-- PROVIDED MATERIAL follows --

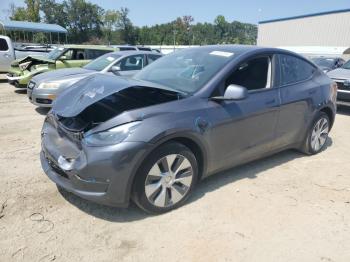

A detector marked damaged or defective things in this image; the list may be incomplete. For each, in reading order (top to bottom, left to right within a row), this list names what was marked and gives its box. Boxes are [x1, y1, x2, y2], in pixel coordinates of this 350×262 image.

crumpled hood [32, 67, 93, 83]
crumpled hood [52, 74, 151, 118]
broken headlight [83, 122, 141, 146]
damaged front bumper [40, 119, 151, 208]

-- PROVIDED MATERIAL concluded --

* INSTRUCTIONS TO FOLLOW *
Drop the images and copy all the data exactly.

* PROBLEM SOLUTION *
A detector marked damaged or defective things in this image; the list may be incomplete. For each, in reading order (top to bottom, left to right within a row), this list names what was marked and gives its box. Boxes are [x1, y1, x2, y2], in pixel coordinates of this 350×262 image.

crumpled hood [32, 67, 93, 83]
crumpled hood [52, 74, 151, 118]
broken headlight [83, 122, 141, 146]
damaged front bumper [40, 119, 151, 208]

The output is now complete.